§ **Problem**: Apart from the pictures, everything in the lines below must be printed exactly.

§ **Dataset content**:
· · · · ·

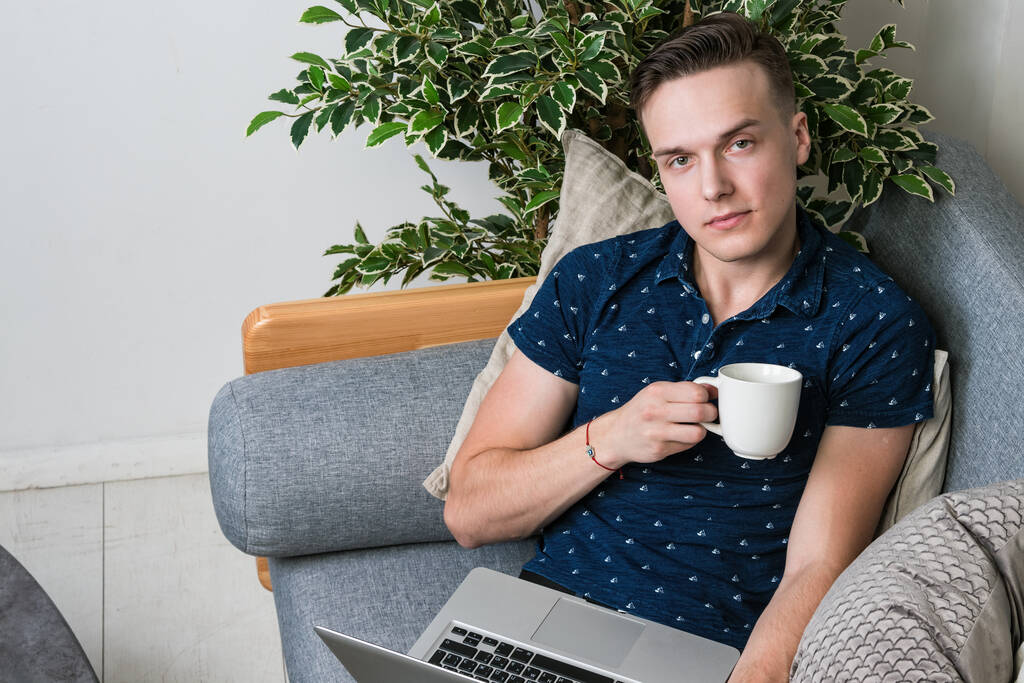 Young happy freelancer working with laptop while sitting on couch - Photo, Image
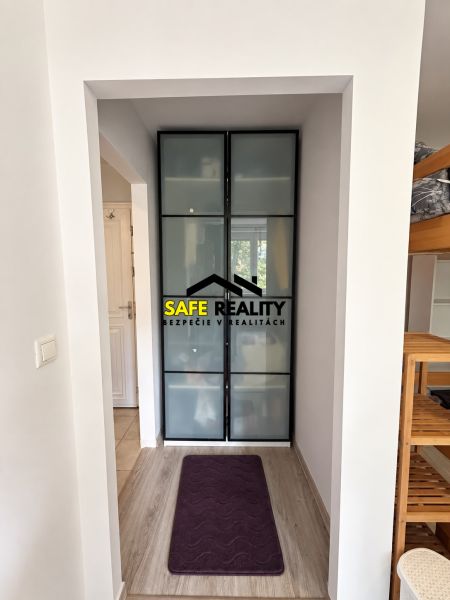 Ein enger Flur mit Holzboden und einem Einbauschrank in einer Einzimmerwohnung.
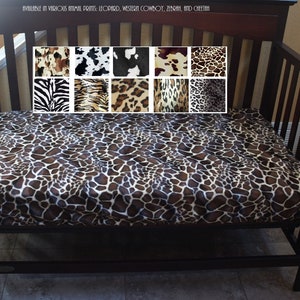 May include: A brown and white fitted crib sheet with a giraffe print. The sheet is available in various animal prints, including leopard, western cowboy, zebra, and cheetah.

· · · · ·

§ **Response to this exercise**:
 Young happy freelancer working with laptop while sitting on couch - Photo, Image
 Ein enger Flur mit Holzboden und einem Einbauschrank in einer Einzimmerwohnung.
 May include: A brown and white fitted crib sheet with a giraffe print. The sheet is available in various animal prints, including leopard, western cowboy, zebra, and cheetah.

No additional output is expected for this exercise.